The UK’s most successful pizza company has once more posted strong quarterly sales, cementing its dominant position in the fast food industry. Promotional activity and improvements to services played a huge role in Domino’s rise to the top – an element that still works in drawing increasing numbers of customers to the brand.
Domino’s managed to meet the poor weather head on with a 6.6 per cent rise in like for like sales during the first three months of 2013. Altogether, the firm managed to rake in sales amounting to £164 million in the 13 week period to the 31st of March.
A large part of the boom in business is due to the online ordering process, which increased hugely in popularity in the first quarter. More than half of Domino’s delivered sales were ordered online – 61.9 per cent to be precise – compared to the 49.8 per cent total recorded at the same time last year.
An increased consumer interest in technology, including apps, helped to push overall online platform orders up by 38.4 per cent to £82.4 million.
Lance Batchelor, chief executive of the firm, announced that the successful first quarter meant full year results are “in line with market expectations for 2013.” However, he stated that complacency was not an option for the company given the economic situation.
He said; “New product launches, a relentless focus on service, industry leading online technology, an ever growing market budget and a healthy pipeline of new sites are just some of the ways we continue to drive this terrific business forward.”
While Mr Batchelor will be keen to curb excessive spending, this will not slow the chain’s relentless expansion programme in its key markets.

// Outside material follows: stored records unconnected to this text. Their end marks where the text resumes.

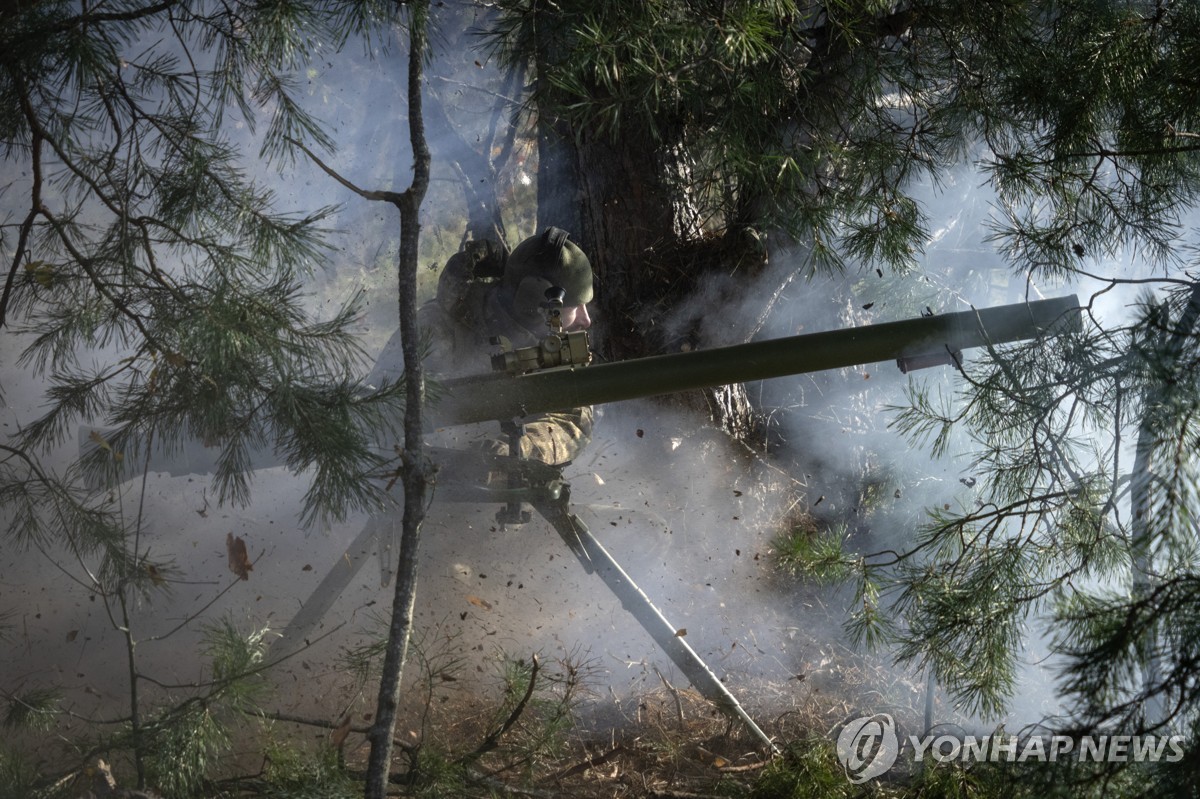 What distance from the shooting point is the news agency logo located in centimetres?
275

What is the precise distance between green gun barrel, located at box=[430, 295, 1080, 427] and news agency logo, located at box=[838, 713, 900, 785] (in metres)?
1.21

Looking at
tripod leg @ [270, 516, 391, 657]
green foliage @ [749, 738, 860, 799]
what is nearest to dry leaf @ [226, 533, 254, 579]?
tripod leg @ [270, 516, 391, 657]

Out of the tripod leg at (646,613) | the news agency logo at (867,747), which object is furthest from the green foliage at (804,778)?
the tripod leg at (646,613)

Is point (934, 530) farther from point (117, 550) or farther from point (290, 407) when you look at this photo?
point (117, 550)

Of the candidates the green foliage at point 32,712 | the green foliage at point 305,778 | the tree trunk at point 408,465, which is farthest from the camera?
the green foliage at point 32,712

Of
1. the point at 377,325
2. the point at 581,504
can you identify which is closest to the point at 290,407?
the point at 581,504

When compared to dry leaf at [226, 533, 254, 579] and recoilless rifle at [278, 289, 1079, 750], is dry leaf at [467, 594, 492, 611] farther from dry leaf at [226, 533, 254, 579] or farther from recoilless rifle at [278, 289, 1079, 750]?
dry leaf at [226, 533, 254, 579]

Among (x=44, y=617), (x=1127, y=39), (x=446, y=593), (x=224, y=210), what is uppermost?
(x=1127, y=39)

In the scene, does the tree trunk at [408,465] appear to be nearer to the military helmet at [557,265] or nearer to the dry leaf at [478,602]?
the military helmet at [557,265]

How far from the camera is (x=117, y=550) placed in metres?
2.21

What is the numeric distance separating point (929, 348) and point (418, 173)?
70.7 inches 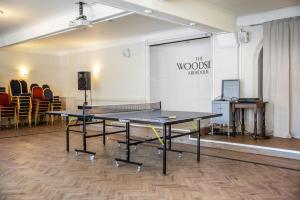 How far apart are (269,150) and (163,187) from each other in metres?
2.40

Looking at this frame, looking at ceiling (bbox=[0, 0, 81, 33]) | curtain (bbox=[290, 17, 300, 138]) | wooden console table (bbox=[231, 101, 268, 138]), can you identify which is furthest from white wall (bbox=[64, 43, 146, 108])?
curtain (bbox=[290, 17, 300, 138])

Currently, Domino’s is present in the UK and Ireland, Germany and Switzerland – and will be expanding its interest in commercial property acquisitions over the coming year in order to offer new franchises.
In the UK and Ireland, for example, there are 780 Domino’s stores at present, with a further 60 branches expected to be added to its UK portfolio by the end of 2013. Last year, the pizza chain opened 56 stores in the UK, indicating the strengthening consumer base it controls.
Germany has only 20 takeaway outlets at the moment, but Mr Batchelor indicated that Domino’s will be doubling this number at least in the next 9 months. Switzerland, meanwhile, is currently undergoing store changes and staff retraining programmes in order to attract more customers.
With business going from strength to strength and an ever-growing number of consumers choosing Domino’s over more established fast food chains, it’s fair to say that their rivals may not be “lovin’ it” at present!
Do you think Domino’s should be taking advantage of their fortuitous position at present and implementing a programme of rapid expansion, or would saving capital as a reserve for later on in the year be a wiser decision?